Special Matrix Types

Linear Algebra: Linear Algebra

Special Matrix Types

Motivation In this section, we will take a general overview of important matrix types that are often used in machine learning, and analyze their properties which make them useful. This section can be seen as a collection of important identities and properties of various matrix types. Many identities will be presented along with their proofs, which serve as a good exercise as they show typical tricks used in linear algebra.

Symmetric matrix

We say that matrix $\mathbf{A}$ is symmetric if it satisfies the following condition: $\mathbf{A}=\mathbf{A}^{\top}$ . If we denote the $ij$ -th element of the matrix $\mathbf{A}$ as $A_{ij}$ , then a symmetric matrix satisfies $A_{ij}=A_{ji}$ , for every $i$ and $j$ .
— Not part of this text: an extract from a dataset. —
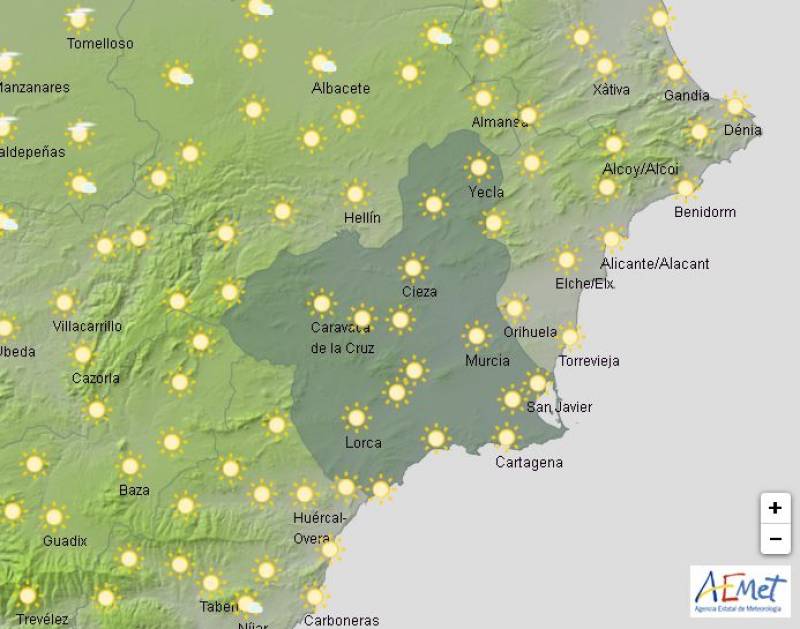 Scattered showers and climbing temperatures: Murcia weather forecast January 2-5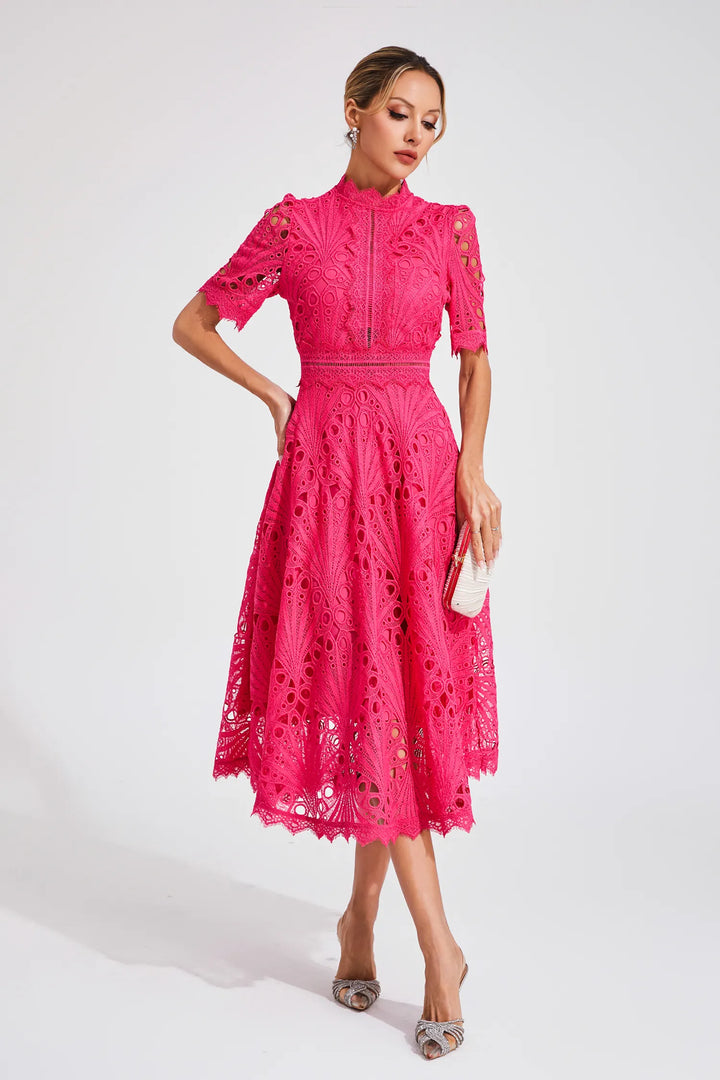 Spring/Summer women's lace A-line midi dress, fit & flare style. Perfect for special occasions.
Properties of a symmetric matrix Symmetric matrices have some useful properties, some of which we will prove: the first one:

The sum of two symmetric matrices is also symmetric.
A product of two symmetric matrices is not necessarily symmetric. For any integer $n$ , the matrix $\mathbf{A}^n$ is symmetric if and only if $\mathbf{A}$ is symmetric.
If $\mathbf{A}$ is symmetric and invertible, then it’s inverse $\mathbf{A}^{-1}$ is also symmetric.
A square matrix $\mathbf{A}$ is invertible if and only if it has a full rank.
Every symmetric matrix is diagonalizable.
Eigenvectors of a symmetric matrix are mutually orthogonal.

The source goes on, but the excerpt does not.